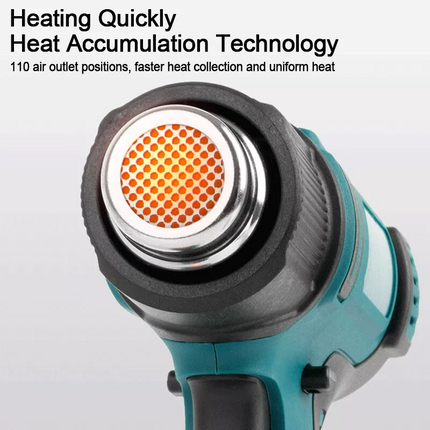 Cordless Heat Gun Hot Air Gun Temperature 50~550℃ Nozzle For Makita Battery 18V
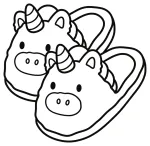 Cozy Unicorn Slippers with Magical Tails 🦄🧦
* * *
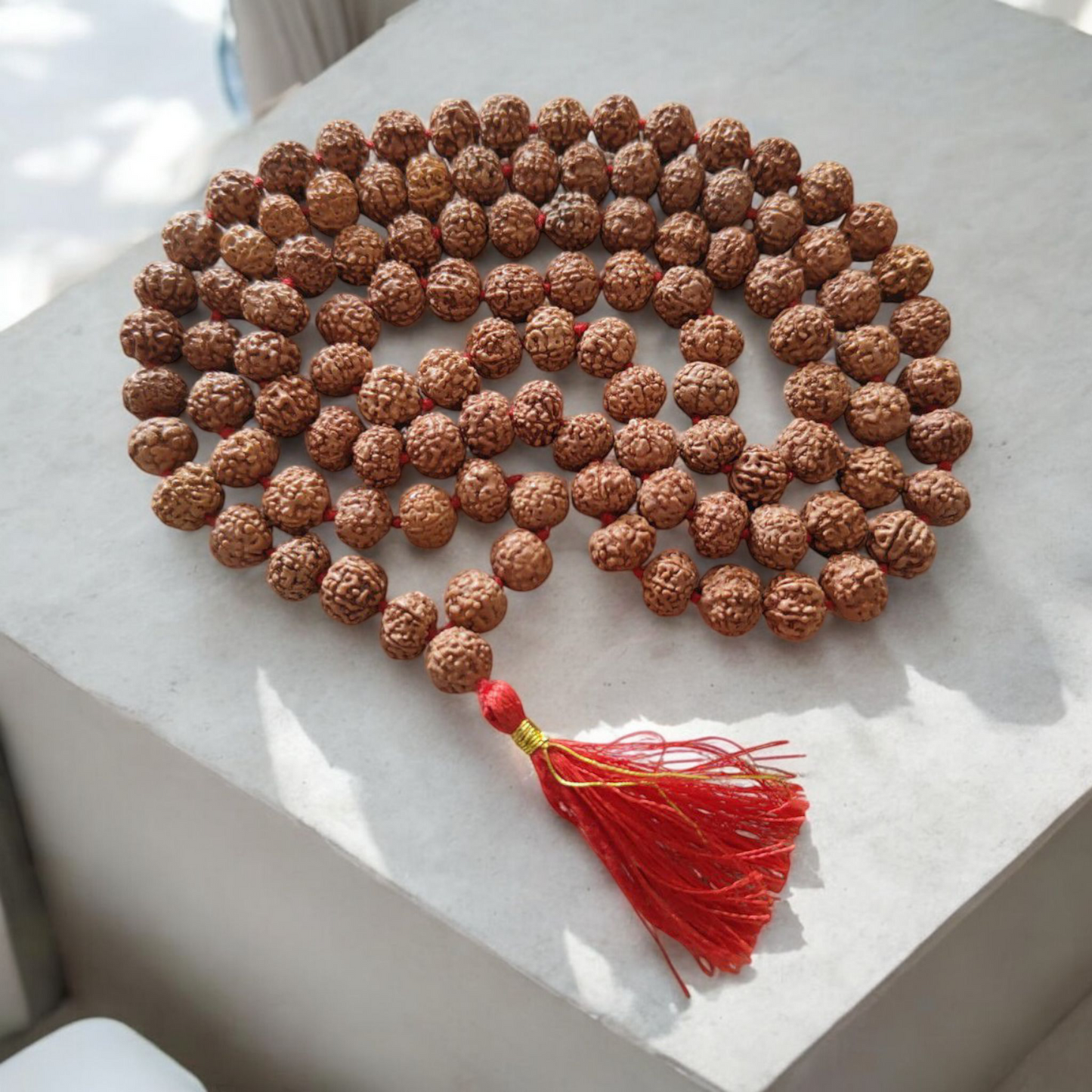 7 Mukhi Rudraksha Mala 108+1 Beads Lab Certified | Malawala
--
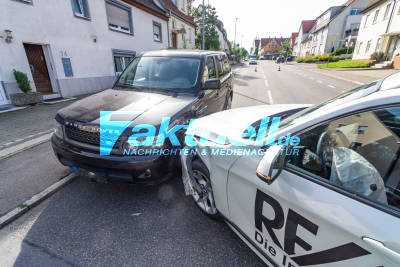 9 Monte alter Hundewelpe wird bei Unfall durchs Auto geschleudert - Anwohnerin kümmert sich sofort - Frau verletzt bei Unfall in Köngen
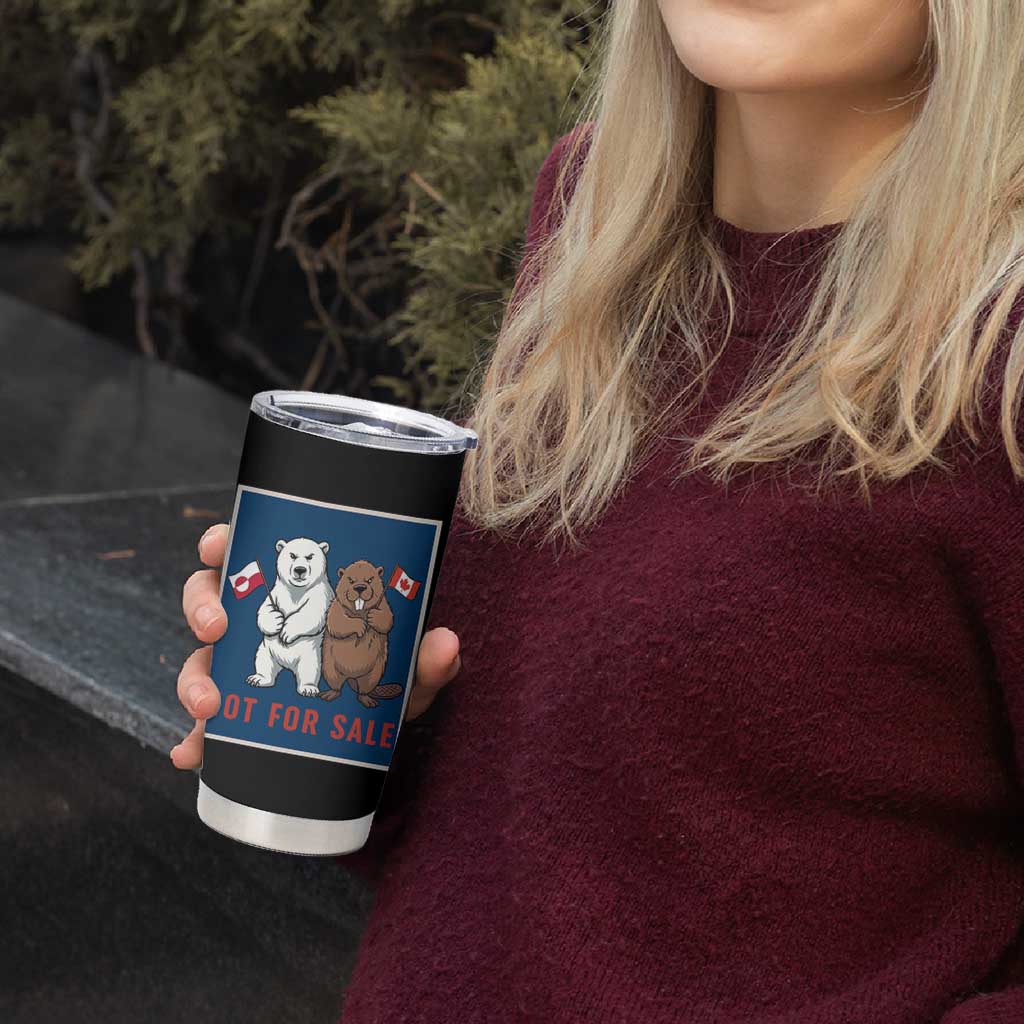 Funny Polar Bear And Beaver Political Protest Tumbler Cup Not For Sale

▶ _TRY IT_
An exact copy is needed of the entries above, starting at the line that holds "Cordless Heat Gun" and stopping at the line that holds "Cozy Unicorn Slippers with Magical Tails 🦄🧦", both kept; pictures stay out.

▶ _ANSWER BOX_
 Cordless Heat Gun Hot Air Gun Temperature 50~550℃ Nozzle For Makita Battery 18V
 Cozy Unicorn Slippers with Magical Tails 🦄🧦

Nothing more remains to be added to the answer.